In light of the war against terrorism, all that changed. On Tuesday, Philip Gagner, the Mudd family's lawyer, found himself opposite one of the US government's top appeal lawyers, R Craig Lawrence, at a preliminary hearing.
A doughty Mr Gagner vowed to plough on yesterday. He said: "We've been arguing for 12 years that it is dangerous for the government to claim the power to try civilians in military tribunals, long before this war against terror. I'll keep arguing that for 1,200 years."
President George W Bush has claimed that power as he prosecutes the war against terrorism and a ruling against the government in the Mudd case could remove the option.
First, Dr Mudd's descendants have to prove that they suffer lingering harm from his conviction.
Thomas Mudd testified this week that during military training in his youth he was assigned extra latrine duties when instructors learnt who he was.

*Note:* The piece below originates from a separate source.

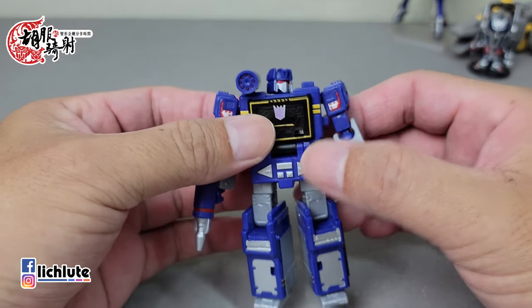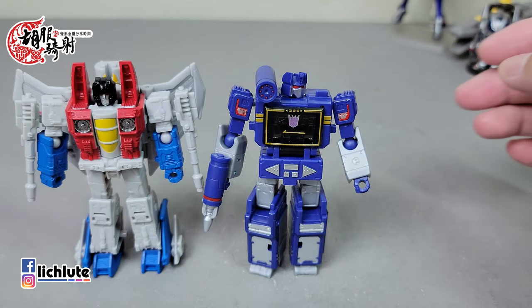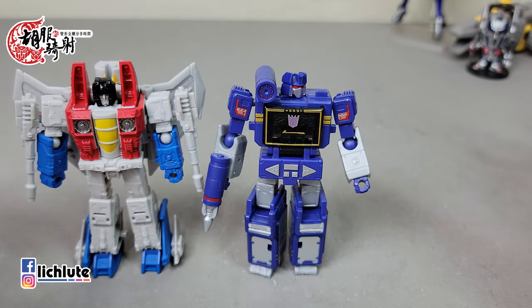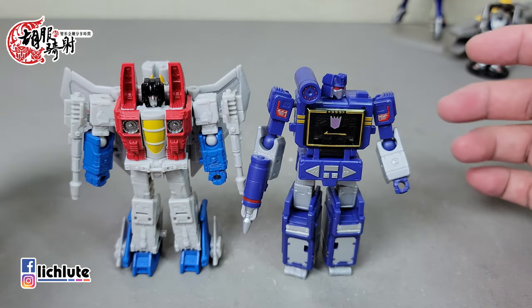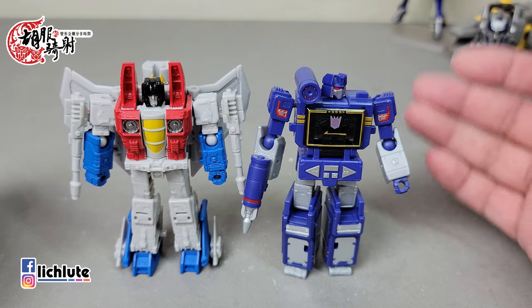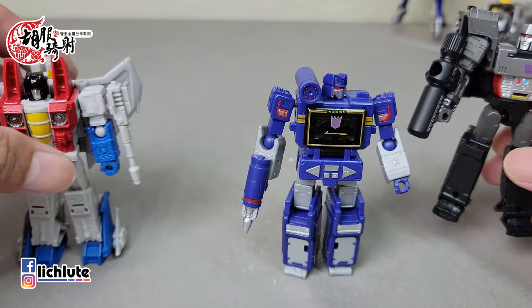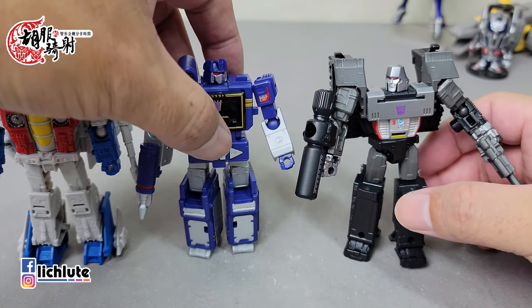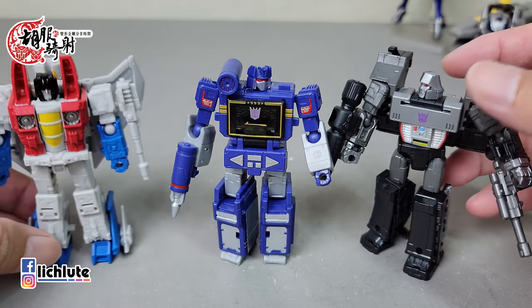欢迎各位再次收看胡福奇手的变形金刚分享时间，这是我们第1365集。我们今天来给大家做王国系列核心级的声波。这款玩具目前非常抢手，倒也不是说它做得多优秀，而是第一人气很高，第二供货量非常少。这一波核心级玩具一共推出了四款，其中Atmos Prime还有Starscreen已经是先前推出过的，还有一个异色版的小型迅猛龙模具。也就是说这四款里头其他三个都是旧模具，只有这款声波是最新的。我们顺便把Megatron拿来做个简单的小对比。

But Professor Douglas Linder, a legal historian who has written on the Mudd case, confessed to feeling little sympathy for Dr Mudd, a staunch advocate of slavery and an open sympathiser with the Southern cause during the Civil War.
He noted that the war had not technically ended at the time of the shooting and that Mudd stood accused of aiding in the murder of the president, commander-in-chief of US armed forces.
The appeals court is expected to rule within 60 days on the family's right to sue the government.
Regards, Ivan
In a similar vein, as long as we're on the topic, wasn't Ed McMahon, of "Tonight Show" fame, descended from the French Field Marshall McMahon?
That puts another wrinkle on it. All these years we've been told that Dr. Mudd just did doctor duties on Booth, with no mention of aiding and abetting and giving comfort to the enemy. The fresh horses is the smoking gun in my book if it is true.
I heard Mudd later got a commutation of his sentence after he worked in prison to doctor yellow fever victims.
I find this remarkably difficult to believe. This was presumably in the 60s. How many drill sergeants knew or cared about this pretty much long-forgotten event? The only way they would connect the name is if he went around bragging about his ancestor. There are quite a few people named Mudd.
"..their argument - that the president had no constitutional right to send American civilians to a military tribunal - was little more than a historical curiosity to the government.
Mudd was a southern sympathizer whose life was spared only becuase the military had no proof that he knew Booth prior to the assassination.
"We've been arguing for 12 years that it is dangerous for the government to claim the power to try civilians in military tribunals, long before this war against terror..." president George W Bush has claimed that power as he prosecutes the war against terrorism and a ruling against the government in the Mudd case could remove the option.
Bush, by executive order, has claimed the power to subject non-US citizen "enemy combatants" to military tribunals, NOT civilians. Big difference.
Booth's brother, Edwin, was a very famous actor who suffered a good deal of humiliation after Lincoln's death. But Edwin overcame the difficulties by demonstrating that he was not his brother. Unfortunately for Dr. Mudd, he did not immediately come forward and cooperate with authorities.
Since I haven't watched TV in about ten years, can anyone tell me what happened to Roger? He used to be a staunch defender of his ancestor from what I remember.
On another note. Every Latin American constitution (weak copies of the american one) has provisions giving the presidents broad powers, including the ability to declare a state of siege and during such emergencies establish miltary summary tribunals and the suspention of such constitutions.
One reason that latin Amrican democracies don't work well is these loopholes left to the executive branch. A remnant of the Spanich concept of "caudillismo" also refered to as "caciquismo".